Amherst, MA 01002-1684
neuropoe@sbs.umass.edu
At the end of July, I received an e-mail from the two staff members
of the Alumni Office who will be working with our reunion committee
on our 55th reunion, to be held next year. Next year! It seemed
like only yesterday that the e-mail’s authors wrote that I,
as class correspondent, had been nominated by Class President Sears
Edwards to serve on the committee, and that if I were interested
in participating, they, Sharen Ovalles and Brandon Doyle, would
welcome my help and any suggestions for reunion events and fund-raising
efforts.
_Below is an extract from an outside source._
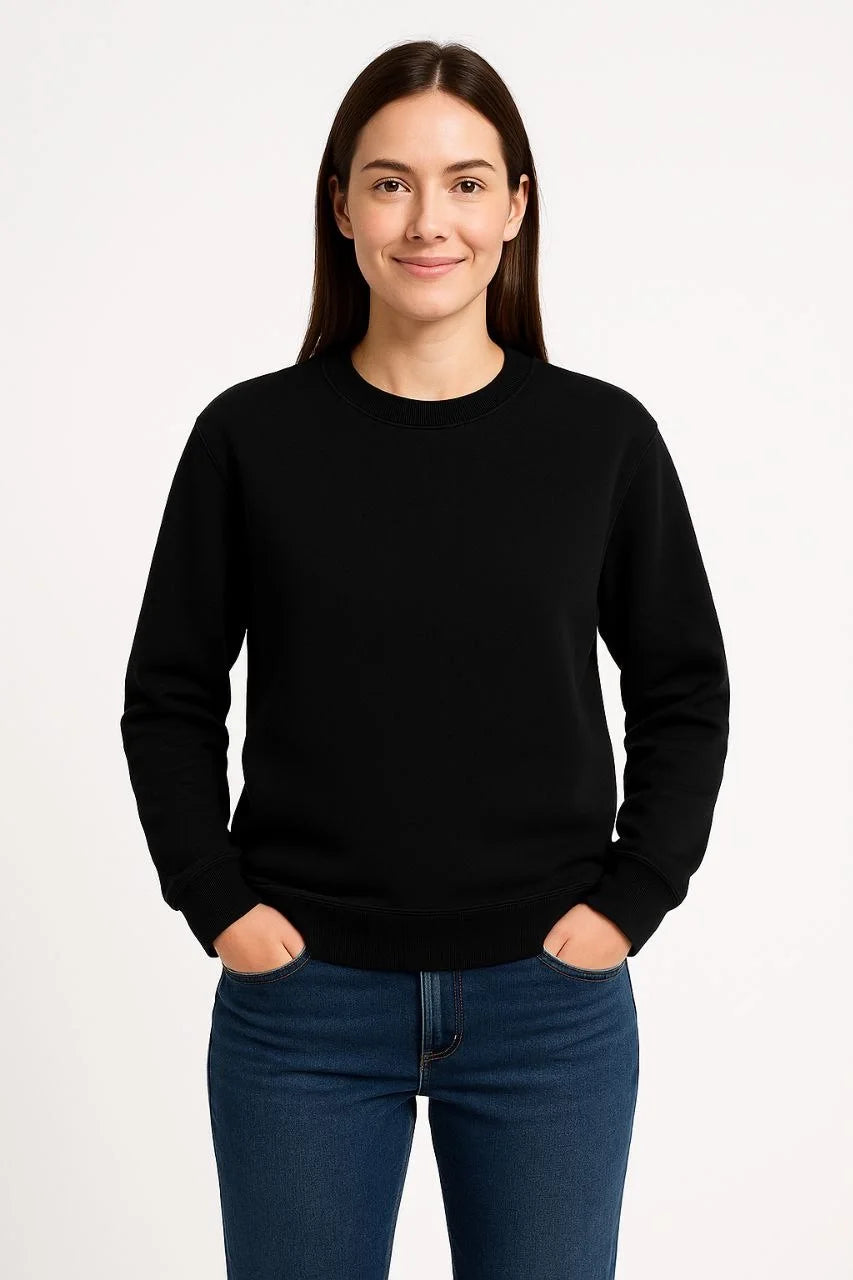 Kadın Üç İplik Düz Bisiklet Yaka SweatShirt - Varsayılan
In my reply, I thanked them and Sears, but explained that
it would be impossible for me to attend committee meetings, and
perhaps even the reunion, though I hoped to, and that as a poet
and retired neuroscientific scholar, my nature did not run to fund
raising. However, I did have a few ideas for the eventual committee
to consider.
The first seems to have been anticipated and agreed with: that
the reunion not be held at Arden House, which has no sacred memories,
but on the campus, laden with nostalgia. The second was that the
reunion should be organized at least in part around the various
extracurricular activities that many of us were involved in. For
example, as art and poetry editor of Jester and Columbia
Review and as one of the revivers of the Philolexian Society,
I was involved with the activities of a literary crowd, as other
students were instead or also involved with WKCR, the Varsity
Show, athletics and so on. (In the game room, we humanists
played gin rummy and poker, but pre-law students played bridge;
I don’t know what the jocks and pre-businessmen played.) At
each such reunion program event, one or more classmates could talk
about the old days of an extracurricular activity and a current
student or faculty adviser could talk about its present.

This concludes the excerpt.